Ekonomide çıktı açığı pozitif olduğunda, yani talep fazla olduğunda, üretim kapasitenin üstüne çıkar ve bu da enflasyonu artırabilir. Tersine, çıktı açığı negatif olduğunda, yani talep düşük kaldığında, üretim kapasitesinin altında kalınır ve bu durum enflasyonun düşmesine neden olabilir.
Bu nedenle çıktı açığı çok önemli bir gösterge.
Merkez Bankası 22 Mayıs 2025 Tarihli 2025 Yılı II. Enflasyon Raporu’nda; ‘..Yılın ilk çeyreğinde toplam talep koşullarının enflasyonu düşürücü etkisinin bir önceki Rapor dönemine göre azaldığı, çıktı açığının nötr seviyeye yakın seyrettiği tahmin edilmektedir.

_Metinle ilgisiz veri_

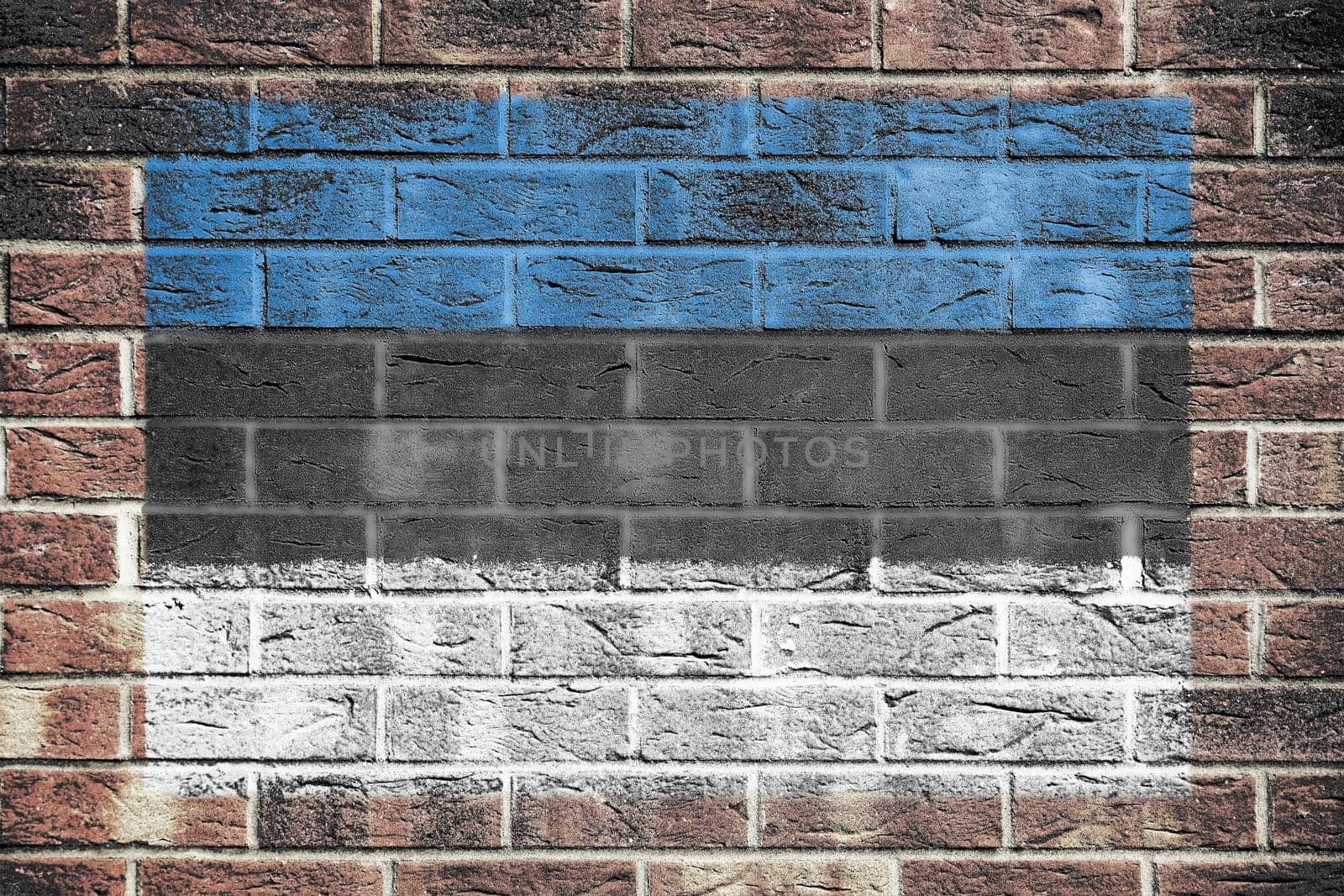 An Estonia flag painted on brick wall background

Bununla beraber, talep koşullarının, finansal koşullardaki sıkılaşma ve küresel gelişmelerin etkisiyle yılın kalanında dezenflasyonist patikayla daha uyumlu olacağı öngörülmektedir.’ diyerek talep koşullarının daralacağını ve dolayısıyla üretimin düşeceğini söylüyor bize.
Sorun, politikanın maliye bacağının olmaması
Burada tek istenmeyen durum ihracatın daralmış olması. Kurdaki seviye ve içeride artan maliyetler Türk ihraç ürünlerinin pahalı olmasının sebebi. Yıllarca kur etkisi ile işçilik maliyetlerini düşürmeye, TL’nin değer kaybı ile katma değersiz ürünlerden kazanç sağlamaya alışmış bir kısım ihracatçı için bu yeni durum alışılmadık bir süreç. Yönetebilmek çok zor.

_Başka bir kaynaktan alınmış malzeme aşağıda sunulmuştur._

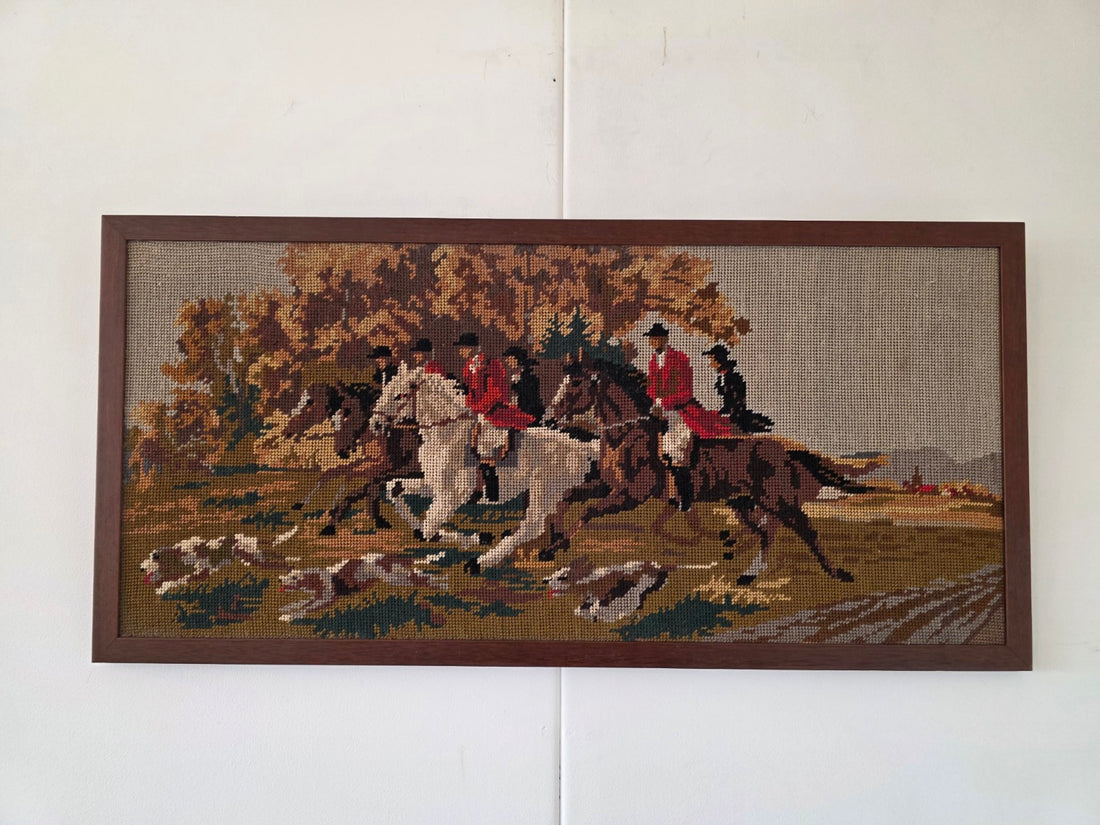 Vintage borduurwerk met ruiters op witte en bruine paarden, jachthonden en herfstbomen in een donkerbruine houten lijst.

Geçmişte hükümetin yanlış ekonomi politikalarının destekçisi olup, olmaz şartlarda faiz indirimi isteyenlerin ve elde ettikleri ucuz kaynakları verimlilik artışı sağlayıcı, maliyet düşürücü alanlara yatıramayanların baş edeceği bir durum değil elbette.
İşini iyi yapanlar için ise mevcut durumla başa çıkabilmek adına mutlaka maliye politikasının devreye girmesi, özellikle istihdam tarafında desteklerin artması şart.
Başından beri söylüyorum. Programın maliye politikası bacağı yok. Sorun aslında birazda buradan kaynaklanıyor.